[Records for this exercise]
********

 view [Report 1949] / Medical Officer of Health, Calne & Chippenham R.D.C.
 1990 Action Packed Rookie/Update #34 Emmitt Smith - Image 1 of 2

********

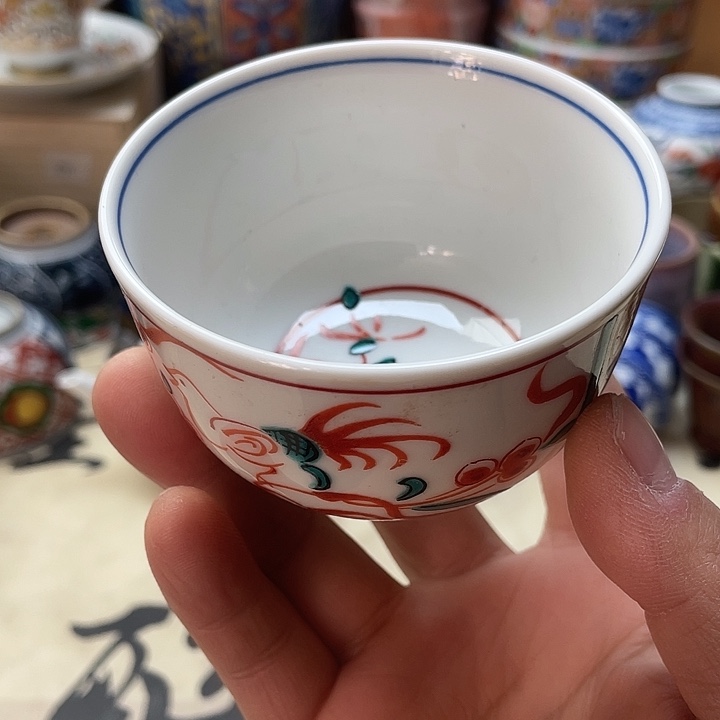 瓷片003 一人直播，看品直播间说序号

********

[Problem details]
Reproduce exactly the section above that begins at the line containing "view [Report 1949]" and ends at the line containing "1990 Action Packed", leaving out all other lines.

[Response box]
 view [Report 1949] / Medical Officer of Health, Calne & Chippenham R.D.C.
 1990 Action Packed Rookie/Update #34 Emmitt Smith - Image 1 of 2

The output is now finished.